Problem statement :: Exact wording is required: transcribe all the entries and leave the images out.
━━━━━ Data for processing ━━━━━
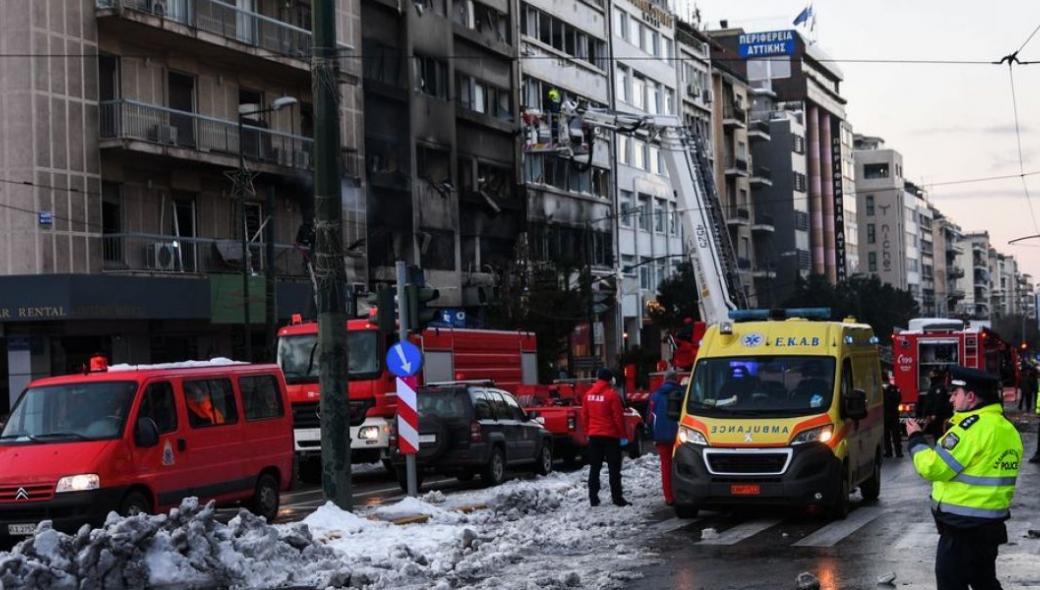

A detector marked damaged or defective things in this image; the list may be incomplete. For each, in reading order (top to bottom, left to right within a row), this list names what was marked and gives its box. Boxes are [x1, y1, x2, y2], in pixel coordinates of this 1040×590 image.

burned window [414, 55, 446, 99]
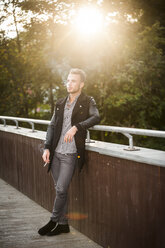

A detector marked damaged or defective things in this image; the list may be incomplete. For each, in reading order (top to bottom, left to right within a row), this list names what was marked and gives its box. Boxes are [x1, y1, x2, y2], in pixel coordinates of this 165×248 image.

rusted metal panel [0, 131, 165, 247]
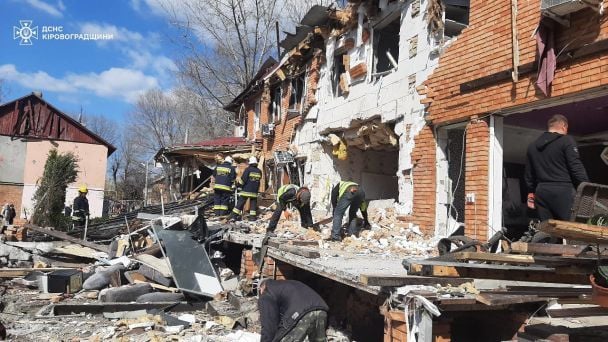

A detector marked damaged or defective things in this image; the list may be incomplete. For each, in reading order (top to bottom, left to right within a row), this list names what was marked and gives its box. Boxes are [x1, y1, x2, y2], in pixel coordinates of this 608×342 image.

broken window frame [370, 8, 400, 78]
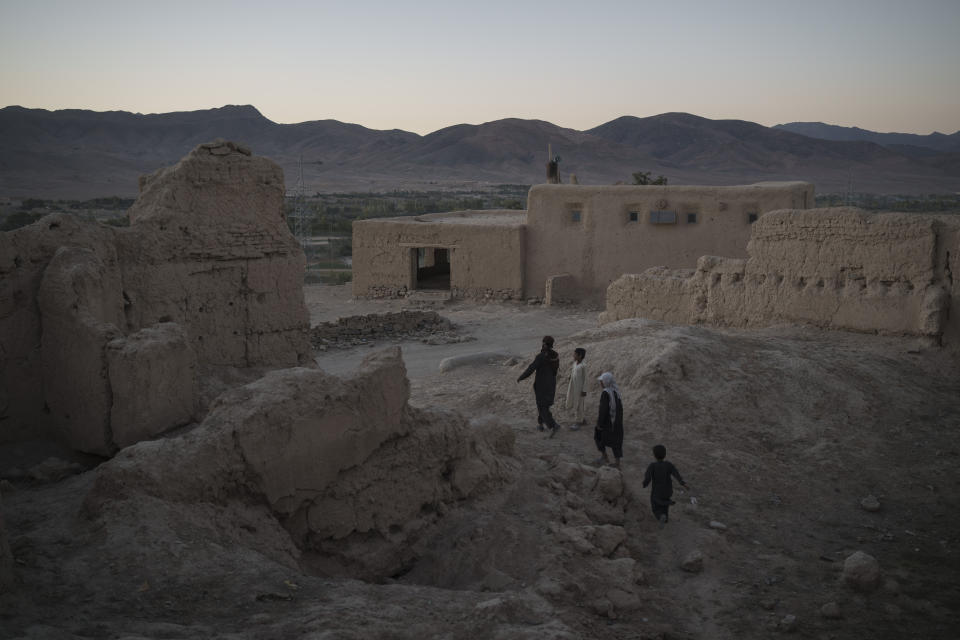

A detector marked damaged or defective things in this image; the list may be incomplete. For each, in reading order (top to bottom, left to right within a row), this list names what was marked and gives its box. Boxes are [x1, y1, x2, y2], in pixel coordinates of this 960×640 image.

damaged doorway [414, 249, 452, 292]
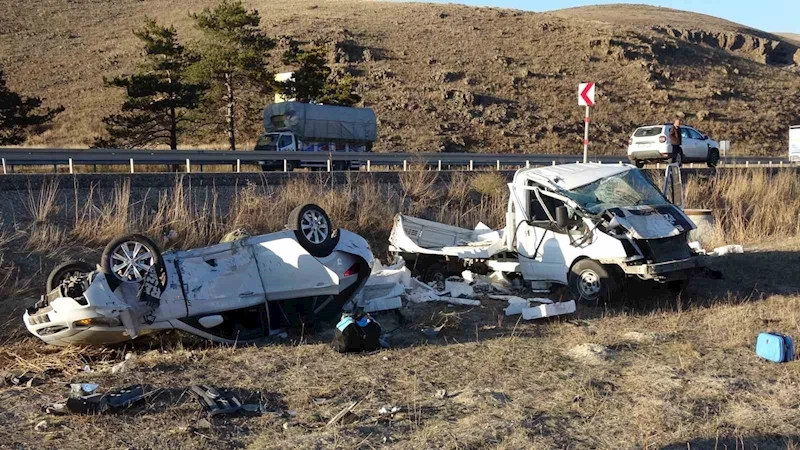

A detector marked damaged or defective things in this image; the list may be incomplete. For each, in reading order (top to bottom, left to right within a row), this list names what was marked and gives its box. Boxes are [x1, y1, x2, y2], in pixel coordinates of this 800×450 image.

overturned white car [24, 206, 376, 346]
wrecked white van [24, 206, 376, 346]
wrecked white van [390, 163, 704, 300]
overturned white car [392, 163, 708, 302]
broken van window [564, 171, 668, 215]
shattered car window [564, 171, 668, 216]
crumpled car hood [608, 204, 692, 239]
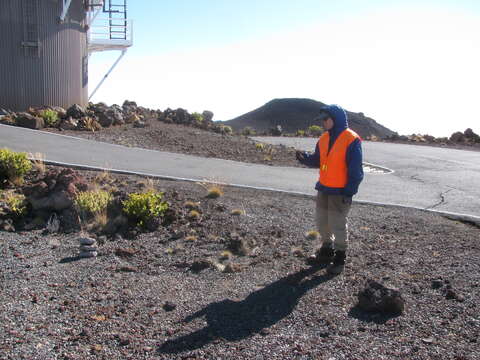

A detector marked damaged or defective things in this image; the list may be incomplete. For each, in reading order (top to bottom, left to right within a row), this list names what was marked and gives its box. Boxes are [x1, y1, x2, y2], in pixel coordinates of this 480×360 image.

crack in asphalt [428, 188, 454, 211]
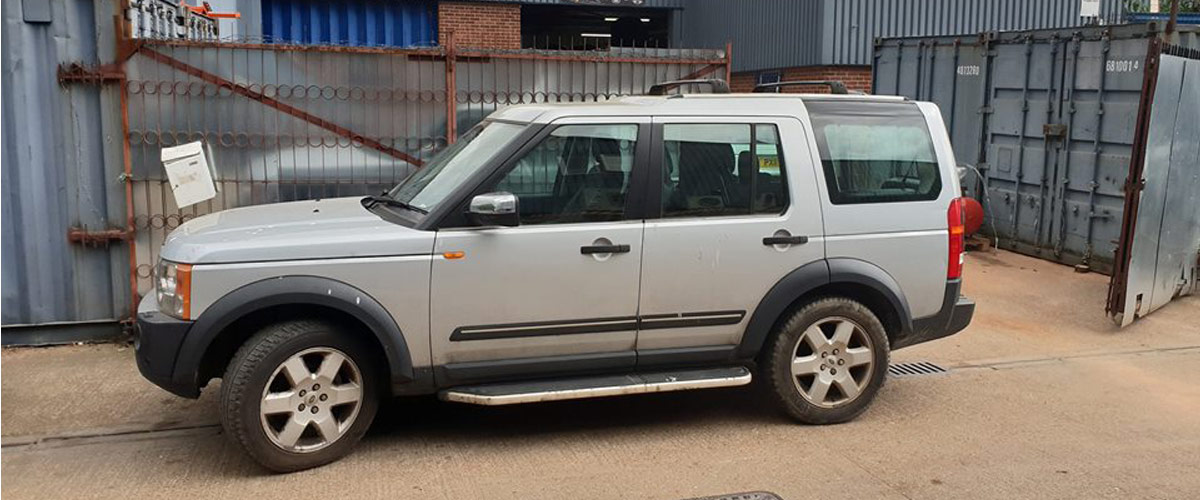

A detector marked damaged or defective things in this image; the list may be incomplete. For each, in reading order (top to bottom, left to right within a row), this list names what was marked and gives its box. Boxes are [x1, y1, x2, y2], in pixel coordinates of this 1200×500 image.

rusty metal gate [110, 34, 729, 299]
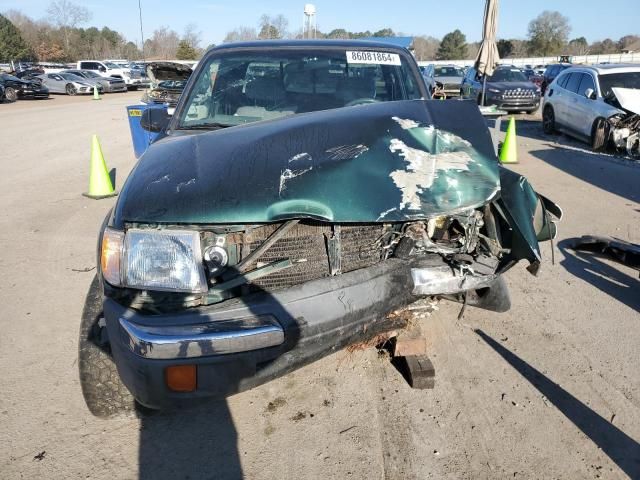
━━━━━
Written response ::
A detector marked damaged or defective things in this image; the list may be incomplete. For each, in reading order (top to bottom, left to right within a row), this list names what was marked and gives its box. Boxes are [x1, y1, x2, y2], in pixel coordinates of this 1040×590 image.

burned window [414, 55, 446, 99]

A detector marked damaged or defective things in this image; the list may be incomplete. For each, in reading order (top to bottom, left to right within a row), this list names what was marked and gives its box. Boxes are [x1, y1, x2, y2], in pixel coordinates of this 165×248 image.

rusted metal panel [0, 131, 165, 247]

A detector marked damaged or defective things in this image; the list may be incomplete. For each, in reading order (top to bottom, left to right within a row), this list names what was marked and gives its box. Boxes are [x1, y1, x2, y2], in pixel coordinates of this 608×342 image.

broken window frame [370, 8, 400, 78]

A detector marked damaged or defective things in this image; the list may be incomplete. For each, in reading order (top to bottom, left to right within a row), this list names what was marked and gives its box. Boxes are [x1, y1, x2, y2], in pixel coordinates of this 960×640 image.

damaged doorway [414, 249, 452, 292]

A detector marked damaged or defective things in this image; the list may be incomplete. For each, in reading order (top to bottom, left to right within a row), this list names what was marked and gives its box. Boxes are [x1, y1, x2, y2], in pixel coordinates of this 800×450 image.

overturned white car [24, 206, 376, 346]
wrecked white van [24, 206, 376, 346]
wrecked white van [390, 163, 704, 300]
overturned white car [392, 163, 708, 302]
broken van window [564, 171, 668, 215]
shattered car window [564, 171, 668, 216]
crumpled car hood [608, 204, 692, 239]

A detector marked damaged or defective things in this image; the list may be incomplete. For each, in reading order (top to bottom, left to right within a row), this list names what was marked and gives its box. Boxes are [x1, y1, x2, y2], in pixel coordinates of this 480×360 image.

crack in asphalt [428, 188, 454, 211]

A detector marked damaged or defective things in this image; the list may be incomplete. For each, in reading order (top to bottom, left to right within a row), this list names what was marked and gives its box. Boxes are [x1, y1, x2, y2], in pixel coordinates of this 1200×500 image.

rusty metal gate [110, 34, 729, 299]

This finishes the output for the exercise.